Exercise goal – Please output the listing exactly as it stands, but omit any images.

◆ ◆ ◆ ◆ ◆

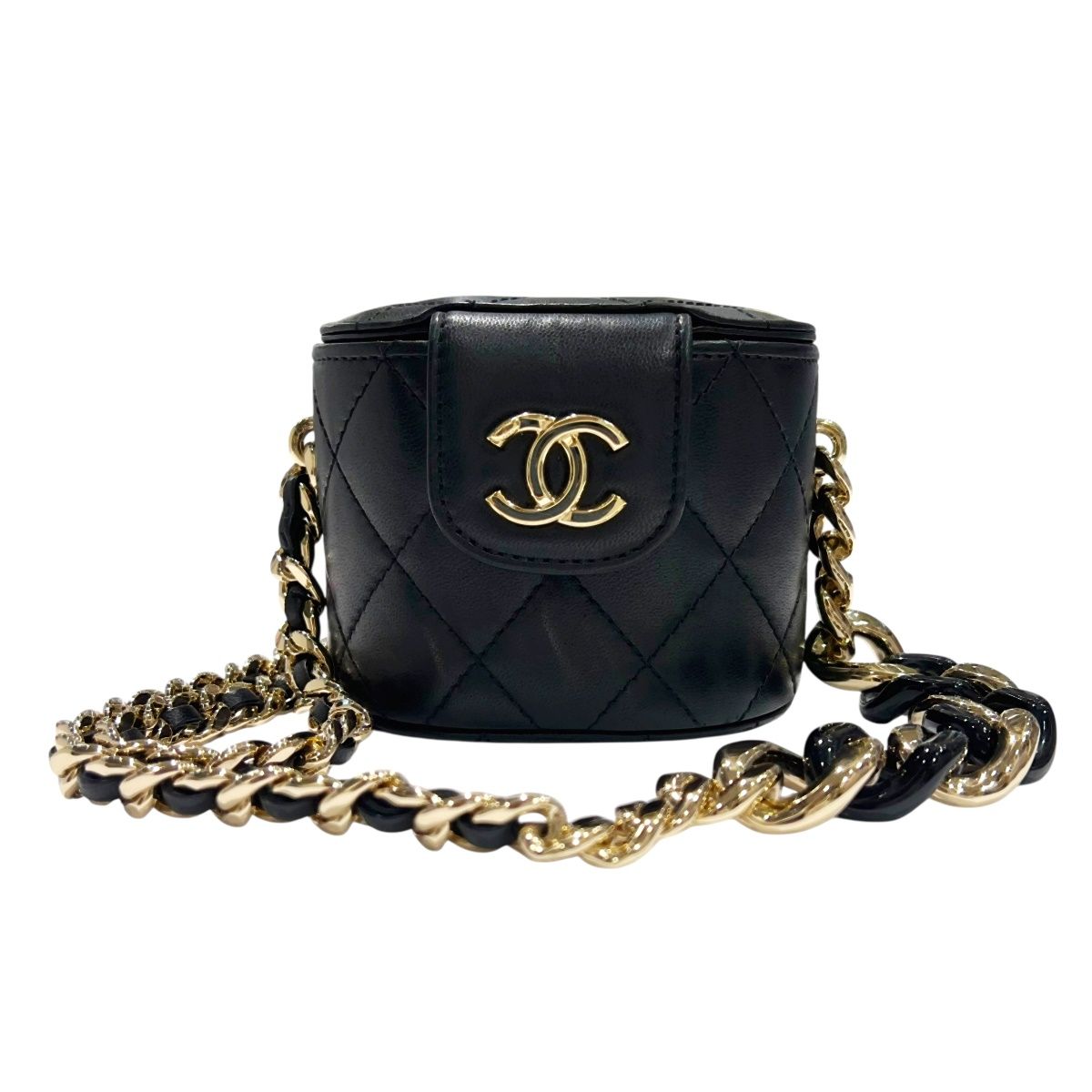 上品エレガント【CHANEL】25P カメリア チェーン ヴァニティ チェーンが華やかな♪【CHANEL】25P チェーンバニティバッグ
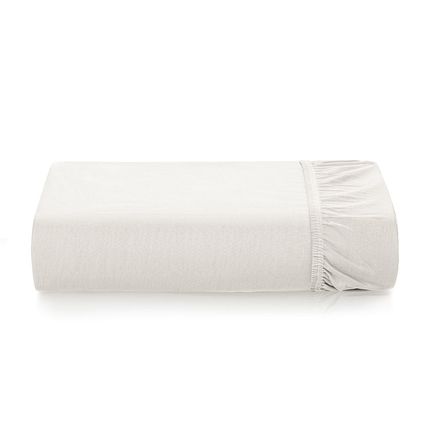 Lençol de Elástico Avulso Casal 300 Fios 100% Algodão Bossa Branco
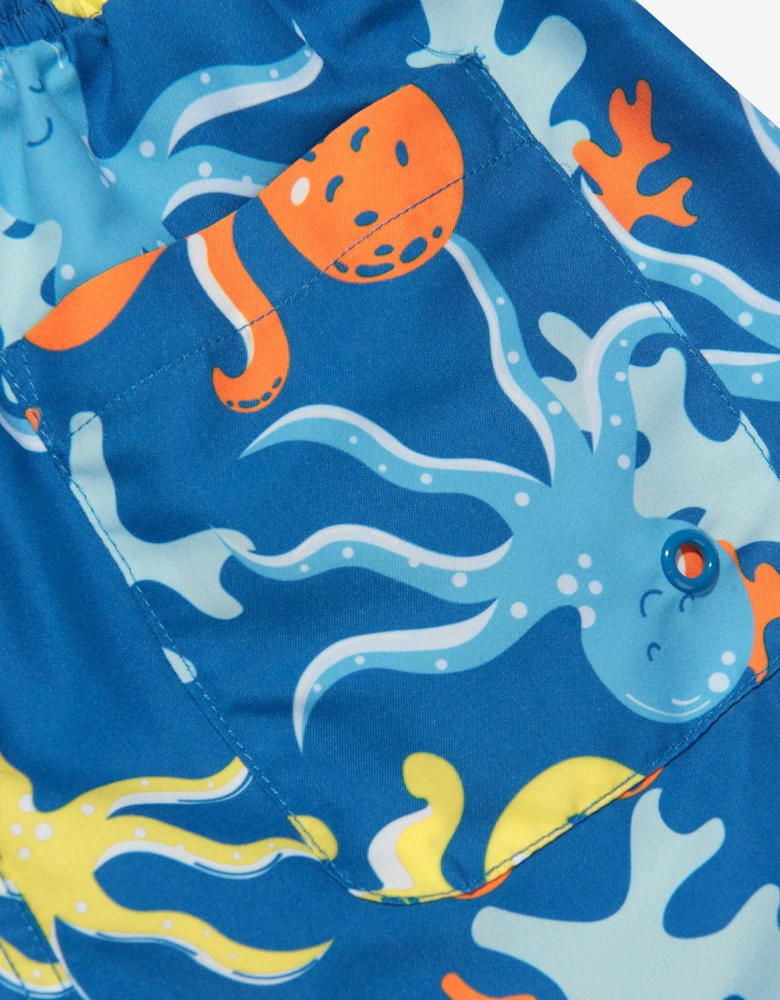 Boys Octopus Swim Shorts (UPF50+) in Blue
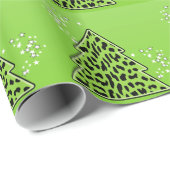 Green Leopard Cheetah kerstboom Cadeaupapier (Rol Hoek)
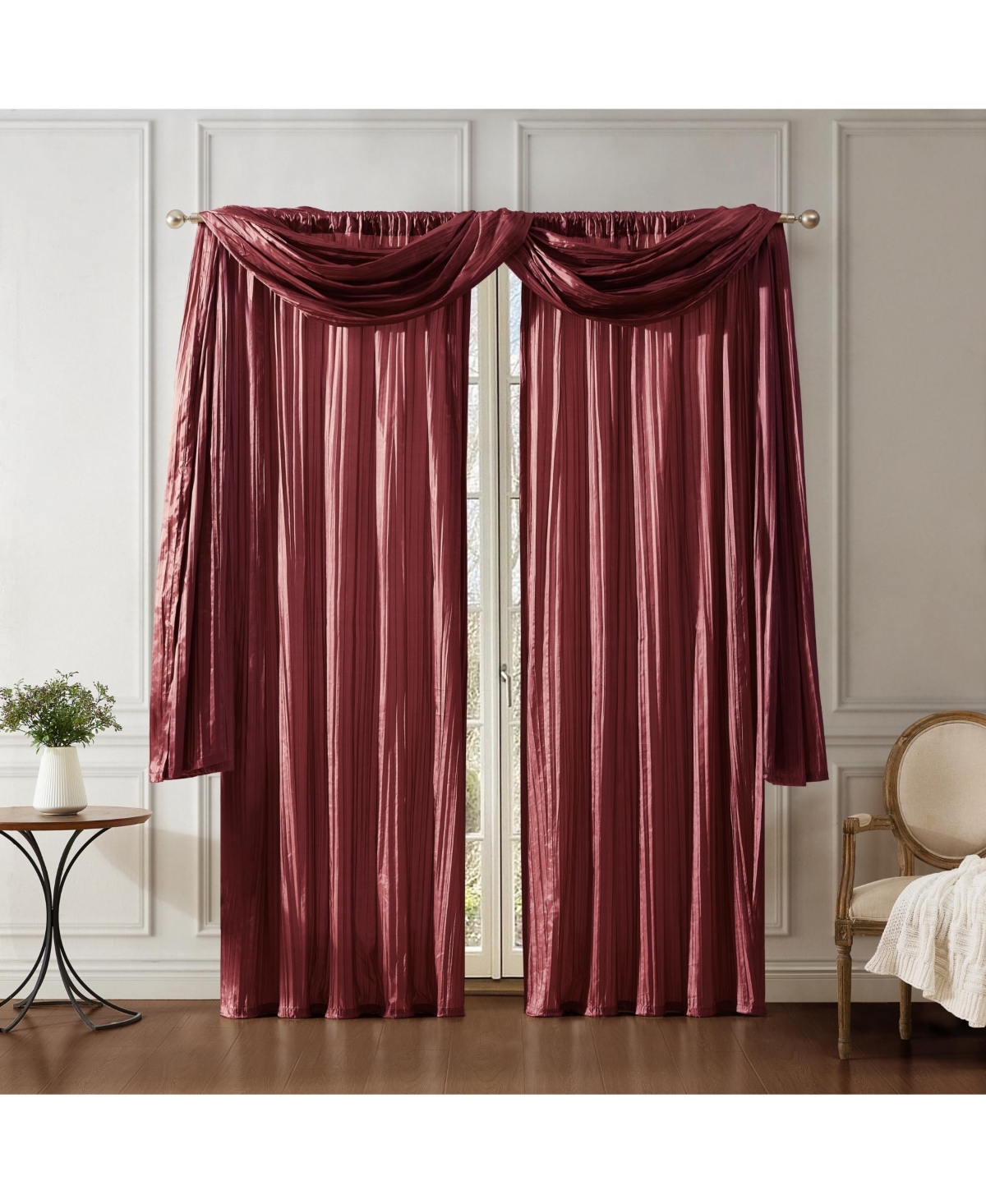 Elrene Home Fashions Athena Faux Silk Window Curtain Scarf Set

◆ ◆ ◆ ◆ ◆

Result for this exercise –
 上品エレガント【CHANEL】25P カメリア チェーン ヴァニティ チェーンが華やかな♪【CHANEL】25P チェーンバニティバッグ
 Lençol de Elástico Avulso Casal 300 Fios 100% Algodão Bossa Branco
 Boys Octopus Swim Shorts (UPF50+) in Blue
 Green Leopard Cheetah kerstboom Cadeaupapier (Rol Hoek)
 Elrene Home Fashions Athena Faux Silk Window Curtain Scarf Set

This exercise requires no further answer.